▸ Exercise prompt
Among the lines below, restate word for word only those from the line with "myoneandonly's BongaCams show and profile" through the line with "5221 Belews Creek", with both end lines kept.

[Collected data entries]
══════════════════════════════
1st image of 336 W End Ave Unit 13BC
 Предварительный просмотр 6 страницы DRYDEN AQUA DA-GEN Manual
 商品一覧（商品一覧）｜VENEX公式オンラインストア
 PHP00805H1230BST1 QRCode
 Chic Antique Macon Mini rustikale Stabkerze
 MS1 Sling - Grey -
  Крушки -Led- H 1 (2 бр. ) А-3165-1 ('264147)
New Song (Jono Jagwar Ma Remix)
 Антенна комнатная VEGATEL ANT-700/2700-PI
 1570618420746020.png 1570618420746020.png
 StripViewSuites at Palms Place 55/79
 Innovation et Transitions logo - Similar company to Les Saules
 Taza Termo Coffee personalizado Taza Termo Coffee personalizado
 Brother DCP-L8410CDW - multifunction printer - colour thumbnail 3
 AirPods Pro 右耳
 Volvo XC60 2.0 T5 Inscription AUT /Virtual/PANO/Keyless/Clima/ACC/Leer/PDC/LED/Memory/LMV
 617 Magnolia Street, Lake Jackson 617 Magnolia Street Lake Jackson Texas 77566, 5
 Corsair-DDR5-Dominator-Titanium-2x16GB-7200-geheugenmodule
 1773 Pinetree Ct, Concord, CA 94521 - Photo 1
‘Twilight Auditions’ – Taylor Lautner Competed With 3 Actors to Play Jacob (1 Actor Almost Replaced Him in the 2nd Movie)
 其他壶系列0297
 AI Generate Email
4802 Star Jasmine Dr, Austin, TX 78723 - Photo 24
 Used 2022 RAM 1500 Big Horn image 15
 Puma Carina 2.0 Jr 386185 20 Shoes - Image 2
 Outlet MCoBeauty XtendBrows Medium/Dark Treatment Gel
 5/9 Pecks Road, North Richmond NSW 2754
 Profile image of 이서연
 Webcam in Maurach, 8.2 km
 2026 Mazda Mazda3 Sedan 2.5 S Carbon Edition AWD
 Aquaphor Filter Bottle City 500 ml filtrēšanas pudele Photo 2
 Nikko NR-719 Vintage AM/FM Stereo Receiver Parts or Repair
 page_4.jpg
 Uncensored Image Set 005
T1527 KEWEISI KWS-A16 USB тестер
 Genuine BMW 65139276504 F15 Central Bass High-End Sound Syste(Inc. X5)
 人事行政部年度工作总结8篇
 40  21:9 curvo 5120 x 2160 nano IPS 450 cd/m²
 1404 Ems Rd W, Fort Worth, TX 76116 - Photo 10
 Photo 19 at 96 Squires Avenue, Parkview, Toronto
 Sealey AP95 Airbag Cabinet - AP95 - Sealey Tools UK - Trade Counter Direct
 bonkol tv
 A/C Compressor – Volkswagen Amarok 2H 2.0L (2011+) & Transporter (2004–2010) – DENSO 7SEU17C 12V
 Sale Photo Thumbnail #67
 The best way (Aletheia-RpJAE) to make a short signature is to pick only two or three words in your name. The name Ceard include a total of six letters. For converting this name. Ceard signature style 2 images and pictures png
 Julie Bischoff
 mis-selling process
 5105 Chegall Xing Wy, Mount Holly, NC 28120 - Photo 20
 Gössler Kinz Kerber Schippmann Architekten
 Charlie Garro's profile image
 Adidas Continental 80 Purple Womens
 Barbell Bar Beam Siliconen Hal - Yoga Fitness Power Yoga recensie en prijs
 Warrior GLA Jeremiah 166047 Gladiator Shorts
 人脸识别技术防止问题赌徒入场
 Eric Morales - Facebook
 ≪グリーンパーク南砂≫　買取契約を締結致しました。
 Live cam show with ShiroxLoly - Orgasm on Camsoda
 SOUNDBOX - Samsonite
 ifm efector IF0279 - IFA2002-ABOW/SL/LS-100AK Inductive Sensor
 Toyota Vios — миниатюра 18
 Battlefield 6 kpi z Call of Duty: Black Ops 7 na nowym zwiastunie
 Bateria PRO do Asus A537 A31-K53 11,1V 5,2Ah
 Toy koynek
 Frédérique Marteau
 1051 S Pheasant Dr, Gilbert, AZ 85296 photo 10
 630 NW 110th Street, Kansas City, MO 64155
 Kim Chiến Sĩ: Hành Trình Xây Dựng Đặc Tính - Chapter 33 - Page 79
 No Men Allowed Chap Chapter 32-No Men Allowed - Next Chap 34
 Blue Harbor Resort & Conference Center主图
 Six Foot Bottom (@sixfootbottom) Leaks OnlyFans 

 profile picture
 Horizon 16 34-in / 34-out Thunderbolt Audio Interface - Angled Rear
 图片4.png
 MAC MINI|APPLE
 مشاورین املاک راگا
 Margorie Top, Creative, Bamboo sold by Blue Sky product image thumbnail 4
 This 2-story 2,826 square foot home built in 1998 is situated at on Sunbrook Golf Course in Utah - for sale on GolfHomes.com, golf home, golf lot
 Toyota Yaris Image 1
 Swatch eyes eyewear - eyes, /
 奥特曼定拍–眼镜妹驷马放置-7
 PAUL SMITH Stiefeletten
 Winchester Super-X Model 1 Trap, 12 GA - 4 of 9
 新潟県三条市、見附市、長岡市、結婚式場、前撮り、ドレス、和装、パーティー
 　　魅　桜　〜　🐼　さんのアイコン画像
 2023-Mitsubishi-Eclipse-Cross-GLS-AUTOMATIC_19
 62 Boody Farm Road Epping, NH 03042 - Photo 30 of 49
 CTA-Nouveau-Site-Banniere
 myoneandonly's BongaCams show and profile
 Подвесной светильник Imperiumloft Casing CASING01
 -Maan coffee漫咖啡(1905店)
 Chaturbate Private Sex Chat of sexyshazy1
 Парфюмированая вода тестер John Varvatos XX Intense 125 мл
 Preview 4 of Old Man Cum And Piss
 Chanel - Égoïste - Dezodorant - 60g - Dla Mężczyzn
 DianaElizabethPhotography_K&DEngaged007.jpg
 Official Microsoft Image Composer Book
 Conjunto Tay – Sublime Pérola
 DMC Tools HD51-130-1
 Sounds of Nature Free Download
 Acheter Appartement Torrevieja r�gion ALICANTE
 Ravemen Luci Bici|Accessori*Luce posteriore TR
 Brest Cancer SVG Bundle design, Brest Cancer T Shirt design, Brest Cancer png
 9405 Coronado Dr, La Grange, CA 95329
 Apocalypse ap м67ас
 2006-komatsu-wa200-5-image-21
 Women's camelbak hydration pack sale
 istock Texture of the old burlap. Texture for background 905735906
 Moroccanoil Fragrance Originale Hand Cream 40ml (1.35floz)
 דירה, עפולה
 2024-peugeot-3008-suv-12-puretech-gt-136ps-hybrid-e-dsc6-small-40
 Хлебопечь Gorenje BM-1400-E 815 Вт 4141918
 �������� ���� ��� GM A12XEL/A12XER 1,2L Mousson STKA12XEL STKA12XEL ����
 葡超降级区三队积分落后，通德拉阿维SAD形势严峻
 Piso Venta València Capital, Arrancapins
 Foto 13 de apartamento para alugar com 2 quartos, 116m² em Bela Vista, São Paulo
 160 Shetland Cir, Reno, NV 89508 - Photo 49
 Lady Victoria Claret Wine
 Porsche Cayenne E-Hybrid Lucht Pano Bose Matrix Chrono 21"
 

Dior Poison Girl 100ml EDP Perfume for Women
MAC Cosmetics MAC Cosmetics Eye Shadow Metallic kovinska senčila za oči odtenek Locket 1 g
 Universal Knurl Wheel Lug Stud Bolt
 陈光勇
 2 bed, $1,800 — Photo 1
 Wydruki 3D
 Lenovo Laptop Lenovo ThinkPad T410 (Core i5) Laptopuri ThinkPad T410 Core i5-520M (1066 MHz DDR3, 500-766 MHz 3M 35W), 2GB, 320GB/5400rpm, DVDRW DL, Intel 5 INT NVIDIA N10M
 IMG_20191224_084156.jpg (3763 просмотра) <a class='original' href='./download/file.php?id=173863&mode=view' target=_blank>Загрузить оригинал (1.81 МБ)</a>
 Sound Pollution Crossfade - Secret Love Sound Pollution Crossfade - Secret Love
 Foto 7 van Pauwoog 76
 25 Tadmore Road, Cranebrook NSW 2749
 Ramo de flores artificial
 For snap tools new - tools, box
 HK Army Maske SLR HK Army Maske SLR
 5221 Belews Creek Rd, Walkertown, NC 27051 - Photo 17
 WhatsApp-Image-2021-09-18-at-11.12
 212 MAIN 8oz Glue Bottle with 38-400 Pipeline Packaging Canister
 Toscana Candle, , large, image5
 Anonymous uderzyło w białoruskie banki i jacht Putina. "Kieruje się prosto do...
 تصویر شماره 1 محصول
══════════════════════════════
▸ Response to this task
 myoneandonly's BongaCams show and profile
 Подвесной светильник Imperiumloft Casing CASING01
 -Maan coffee漫咖啡(1905店)
 Chaturbate Private Sex Chat of sexyshazy1
 Парфюмированая вода тестер John Varvatos XX Intense 125 мл
 Preview 4 of Old Man Cum And Piss
 Chanel - Égoïste - Dezodorant - 60g - Dla Mężczyzn
 DianaElizabethPhotography_K&DEngaged007.jpg
 Official Microsoft Image Composer Book
 Conjunto Tay – Sublime Pérola
 DMC Tools HD51-130-1
 Sounds of Nature Free Download
 Acheter Appartement Torrevieja r�gion ALICANTE
 Ravemen Luci Bici|Accessori*Luce posteriore TR
 Brest Cancer SVG Bundle design, Brest Cancer T Shirt design, Brest Cancer png
 9405 Coronado Dr, La Grange, CA 95329
 Apocalypse ap м67ас
 2006-komatsu-wa200-5-image-21
 Women's camelbak hydration pack sale
 istock Texture of the old burlap. Texture for background 905735906
 Moroccanoil Fragrance Originale Hand Cream 40ml (1.35floz)
 דירה, עפולה
 2024-peugeot-3008-suv-12-puretech-gt-136ps-hybrid-e-dsc6-small-40
 Хлебопечь Gorenje BM-1400-E 815 Вт 4141918
 �������� ���� ��� GM A12XEL/A12XER 1,2L Mousson STKA12XEL STKA12XEL ����
 葡超降级区三队积分落后，通德拉阿维SAD形势严峻
 Piso Venta València Capital, Arrancapins
 Foto 13 de apartamento para alugar com 2 quartos, 116m² em Bela Vista, São Paulo
 160 Shetland Cir, Reno, NV 89508 - Photo 49
 Lady Victoria Claret Wine
 Porsche Cayenne E-Hybrid Lucht Pano Bose Matrix Chrono 21"
 

Dior Poison Girl 100ml EDP Perfume for Women
MAC Cosmetics MAC Cosmetics Eye Shadow Metallic kovinska senčila za oči odtenek Locket 1 g
 Universal Knurl Wheel Lug Stud Bolt
 陈光勇
 2 bed, $1,800 — Photo 1
 Wydruki 3D
 Lenovo Laptop Lenovo ThinkPad T410 (Core i5) Laptopuri ThinkPad T410 Core i5-520M (1066 MHz DDR3, 500-766 MHz 3M 35W), 2GB, 320GB/5400rpm, DVDRW DL, Intel 5 INT NVIDIA N10M
 IMG_20191224_084156.jpg (3763 просмотра) <a class='original' href='./download/file.php?id=173863&mode=view' target=_blank>Загрузить оригинал (1.81 МБ)</a>
 Sound Pollution Crossfade - Secret Love Sound Pollution Crossfade - Secret Love
 Foto 7 van Pauwoog 76
 25 Tadmore Road, Cranebrook NSW 2749
 Ramo de flores artificial
 For snap tools new - tools, box
 HK Army Maske SLR HK Army Maske SLR
 5221 Belews Creek Rd, Walkertown, NC 27051 - Photo 17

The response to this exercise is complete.